Now culminating in an abrupt pause, many DJs shifted their main-stage grooves to a middling home-listening experience, but LA-based, Korea-born Hye Jin has always been characterised by contemplation. As hazy as it is abrasive Before I Die taps into her consciousness via repetition and dizzying storytelling. Rapping in both Korean and English, her vocal delivery is intentionally deadpan on the likes of “Good Morning Good Night”, while “Watchu Doin Later” draws from West Coast hip-hop.

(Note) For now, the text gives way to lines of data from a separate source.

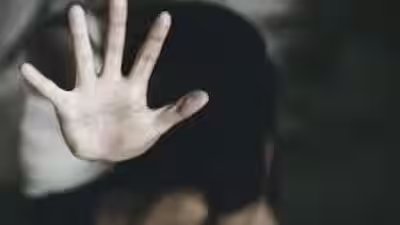 हैदराबाद भयावहता: हवाई अड्डे के रास्ते में एयरलाइन चालक दल के सदस्य के साथ कैब चालक ने ‘बलात्कार’ किया | हैदराबाद समाचार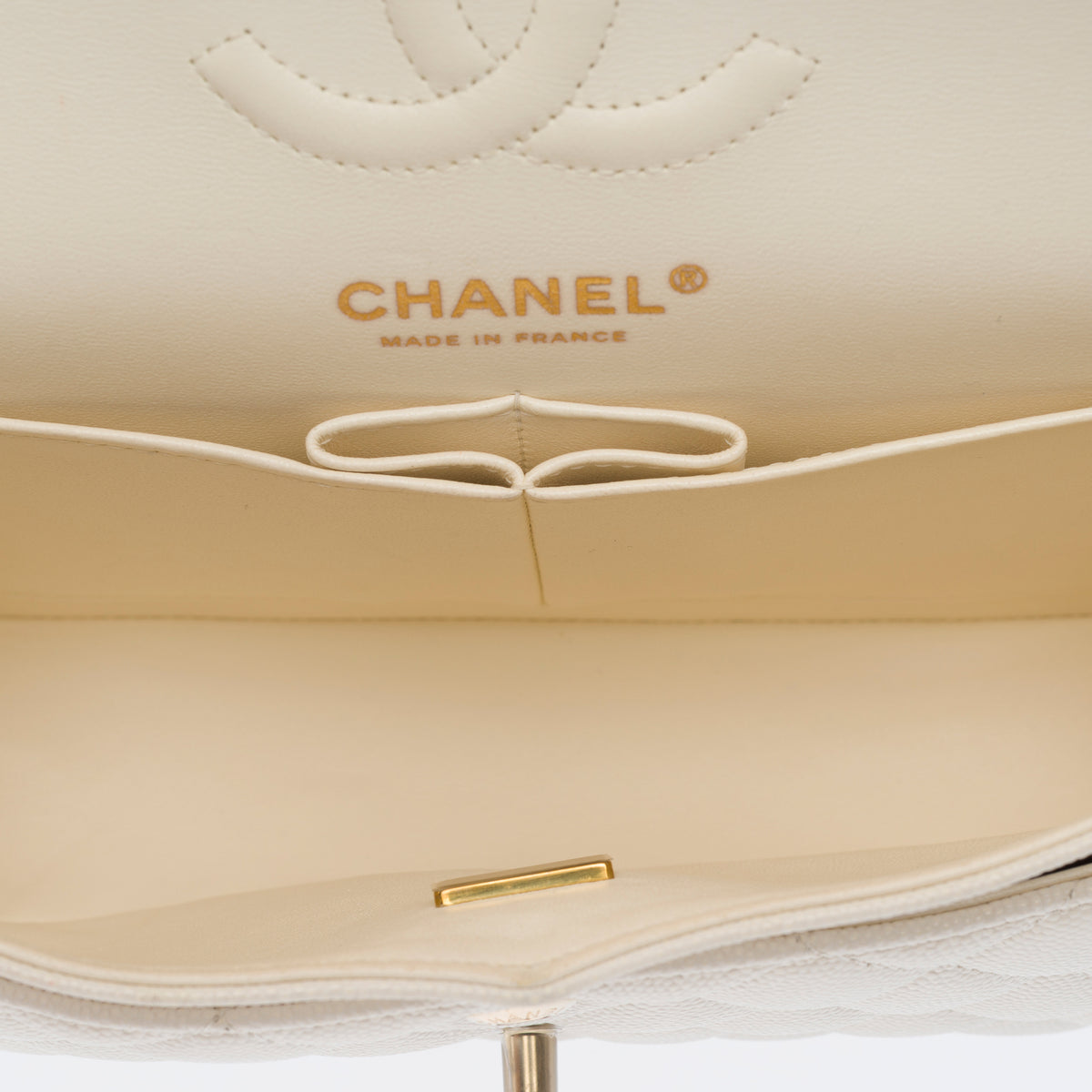 Sac CHANEL Timeless/Classique en Cuir Blanc - 104050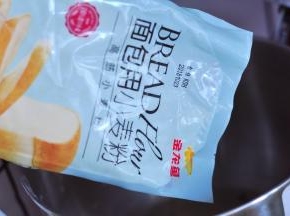 倒入金龙鱼面包用小麦粉、波兰种、干酵母，启动3档揉面。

With heart-breaking pleas, mirror-talking mantras, and a spiralling headspace at play, Hye Jin holds no bars when it comes to wanting to step out of your own head; for these are not positive dancefloor fillers, but rather a recalibration of the self against a backdrop of discomfort. It’s not all doom and gloom though, with tracks like “Can I Get Your Number” and “Sex With Me (DEFG)" offering a flirty playfulness, bolstered by pulsing house beats.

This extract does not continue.